The study period was from 2006 to 2021, and therefore involved both retrospective and prospective data collection. First, the medical records of children aged 0–15 years who had been diagnosed with TB between 2006 and 2018, confirmed by mycobacterial culture or molecular diagnosis, were retrospectively reviewed. The cases were identified from ICD-10 and microbiological records from the Department of Microbiology, Faculty of Medicine, Chulalongkorn University. In addition, data on demographics, clinical diagnosis, treatments, and outcomes were collected. Second, a prospective study enrolled children aged 0–15 years with suspected TB, and involved the collection of specimens for acid-fast bacilli (AFB) staining, molecular techniques, and mycobacterial culture from two centers (KCMH and QSNICH) between 2019 and 2021.

Case definitions

According to WHO guidance on national TB programs for the management of TB in children in 2014, pulmonary TB refers to any bacteriologically confirmed TB with the involvement of lung parenchyma or the tracheobronchial tree, including intrathoracic nodes as well as miliary TB, while extrapulmonary TB refers to any bacteriologically confirmed TB with the involvement of organs other than lungs, such as pleura, lymph nodes, abdomen, genitourinary tract, skin, joints and bones, and meninges (World Health Organization. 2014). Treatment outcome definitions for drug-susceptible TB (DS-TB) and RR-TB are also defined by the same 2014 WHO guidance.

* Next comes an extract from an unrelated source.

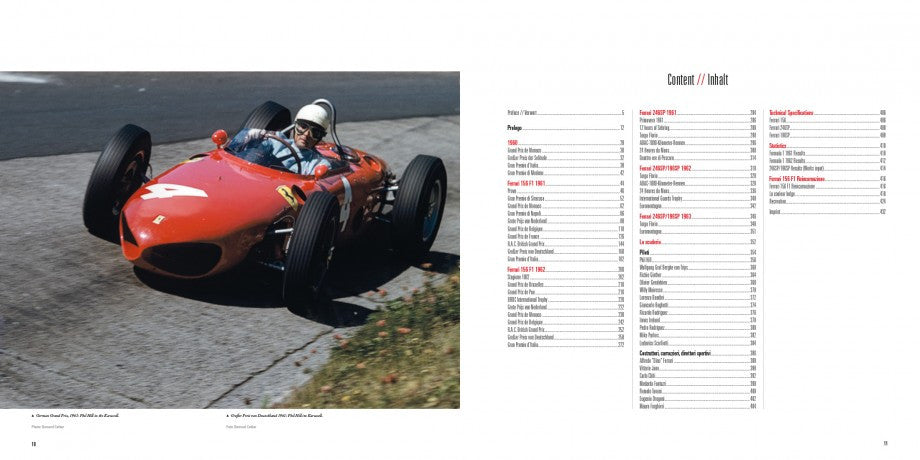 Sharknose V6 - Ferrari 156, Ferrari 246SP & Ferrari 196SP (9783947156245)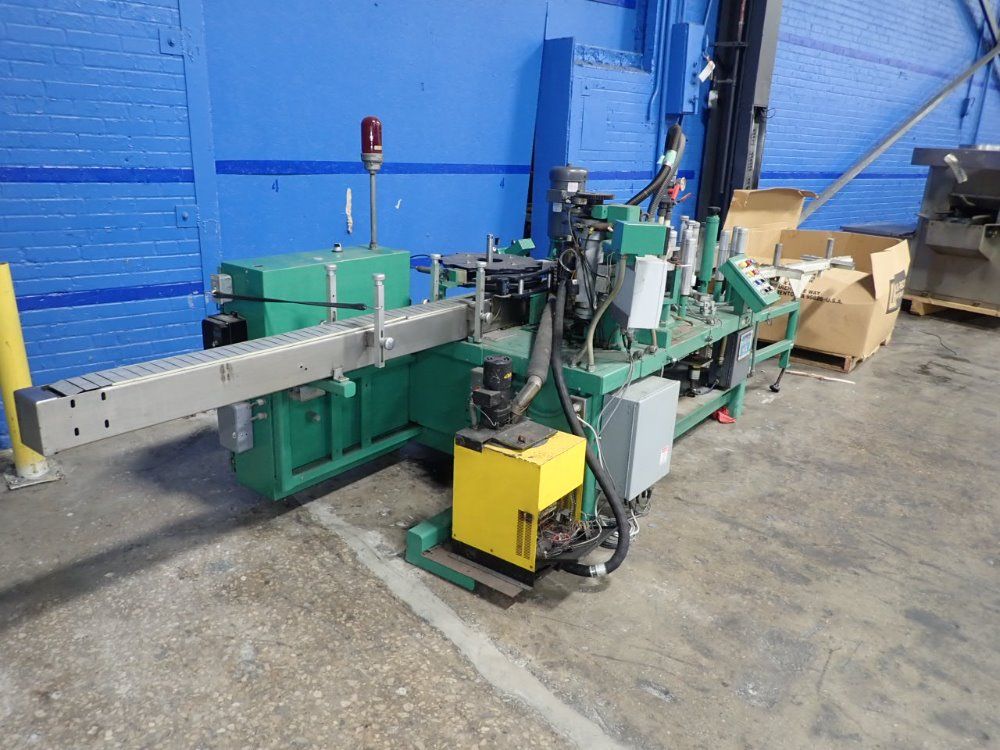 B & H Manufacturing Company Labeler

Case definitions of drug-resistant TB (DR-TB) and outcomes

The definition of DR-TB was adapted from the WHO 2020 drug-resistant tuberculosis treatment guidelines (WHO consolidated guidelines on tuberculosis, 2020). Drug resistance was categorized based on isoniazid and rifampicin DST as follows: Hr-TB if resistant to isoniazid and susceptible to rifampicin; Rr-TB if resistant to rifampicin but susceptible to isoniazid; RR-TB if resistant to rifampicin and either susceptible or resistant to isoniazid; MDR-TB if resistant to both isoniazid and rifampicin; pre-extensively drug-resistant (pre-XDR-TB) if resistant to isoniazid, rifampicin, and any fluoroquinolones or one of three second-line injectable drugs (capreomycin, kanamycin, and amikacin); and extensively drug-resistant (XDR-TB) if resistant to isoniazid, rifampicin, any fluoroquinolones, and at least one of the three second-line injectable drugs. However, the pre-XDR-TB and XDR-TB definitions used did not comply with the WHO 2021 guidelines because DST for bedaquiline and linezolid was not assessed.

Outcomes for TB patients were adapted from the WHO Definitions and Reporting Framework for Tuberculosis 2013 revision (updated December 2014 and January 2020). World Health Organization. 2013 revision. Treatment outcomes for TB patients, excluding cases of RR- or MDR-TB, were as follows: ‘cured’ referred to a pulmonary TB patient with bacteriologically confirmed TB at the beginning of treatment, but who was subsequently smear- or culture-negative in the last month of treatment and on at least one previous occasion; ‘treatment completed’ referred a TB patient who completed treatment without evidence of failure. If a patient had no records of sputum smear or culture results in the last month of treatment, and no reported negative results on at least on the previous occasion, either because of no tests performed or unavailable results, then there was no evidence of failure.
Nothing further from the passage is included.